Operative Disorientation

SLA Industries is the roleplaying game set in a far future dystopia of corporate greed, commodification of ultraviolence, the mediatisation of murder, conspiracy, and urban horror, and serial killer sensationalism. S.L.A. Industries has its headquarters on Mort City, its rain sodden, polluted, and overly populated heart, located on the industrially stripped planet of Mort and surrounded by five Cannibal Sectors, and from here it governs the planet and the World of Progress beyond, encompassing all of known space. It is here the citizens come from far and wide to enlist in Meny to become SLA Operatives and part of the mediatised programme even as they protect SLA Industries and the World of Progress from innumerable threats from without—and some from within. SLA Operatives are the creme de la creme, whose actions caught on camera garner them sponsorship, TV deals, promotions, better missions, and the best weapons that the company can offer.

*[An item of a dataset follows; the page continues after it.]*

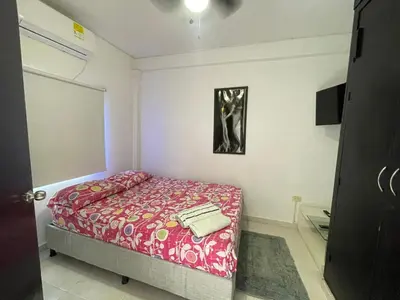 a small bedroom with a bed with a red blanket at Apto céntrico torices 1 piso 2 habitaciones in Cartagena de Indias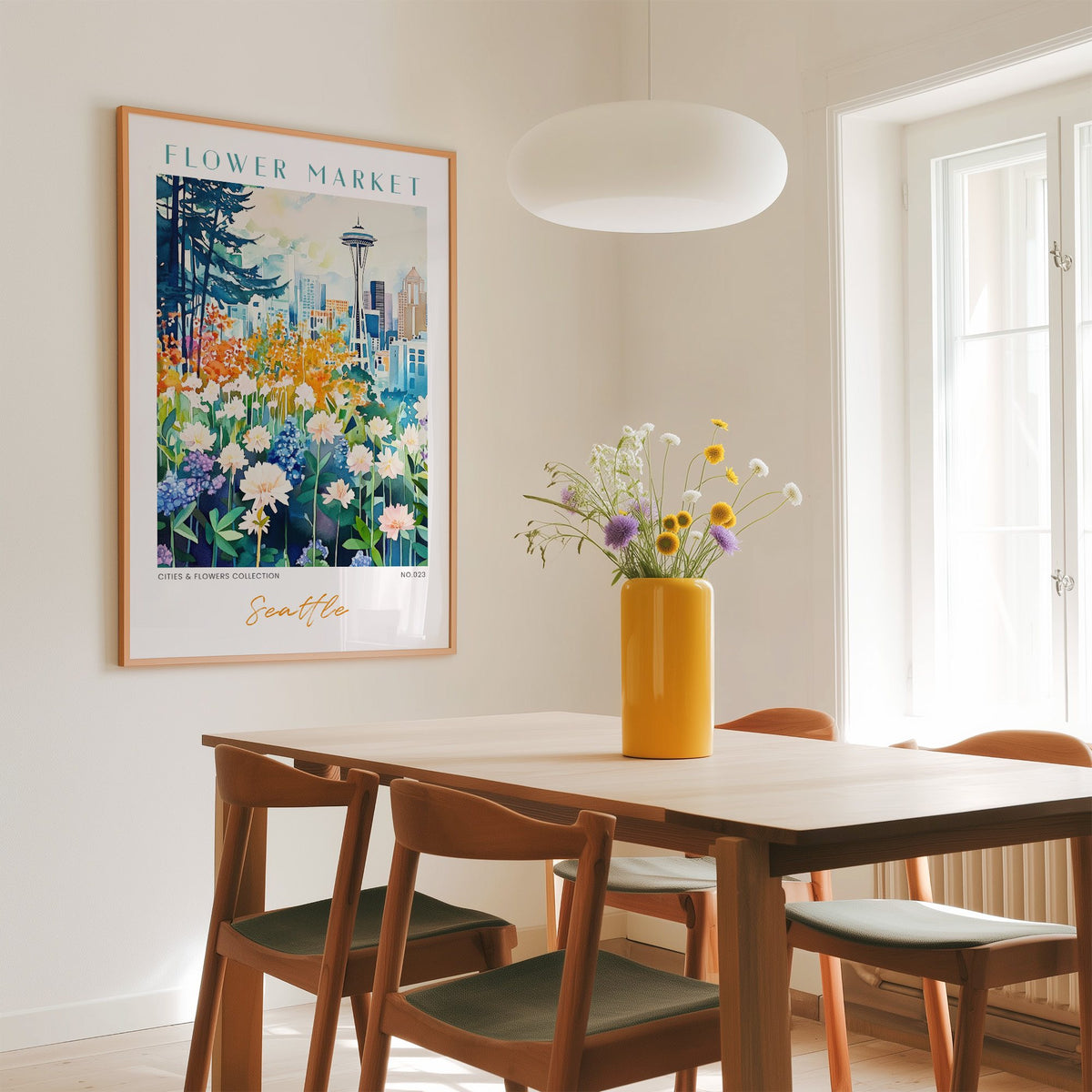 Seattle flower market print in an oak frame above a dining table with a yellow vase and white pendant light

Every SLA Operative is a would be star. You, however are nobody, a fuck-up in the waiting, a wannabe without the brains to realise how shit you are, thinking that you are really hot, when you are just waiting for an actual SLA Operative to slice and dice you without even thinking about it or a serial killer to add you to his kill count and his path to recognition.

This is not the subject of SLA Industries, the flagship roleplaying game from Nightfall Games,
but of SLA Borg, a wholly idiotic interpretation of the setting of the World of Progress—in more senses than one—that requires an entirely different and more brutally blunt game system. That game system is Mörk Borg, the Swedish pre-apocalypse Old School Renaissance style roleplaying game designed by Ockult Örtmästare Games and Stockholm Kartell and published by Free League Publishing. What this means is that SLA Borg brings the World of Progress to the Old School Renaissance, though not SLA Industries since the approach to playing both roleplaying games varies widely. Funded via a successful Kickstarter campaign, SLA Borg includes the full rules for creating very disposable anti- or non-‘heroes’, handling actions and combat, a bestiary of foes that are going to be really annoyed if the fuckwits bother them, and the means to facilitate the Broken Biscuits’ probable screwups.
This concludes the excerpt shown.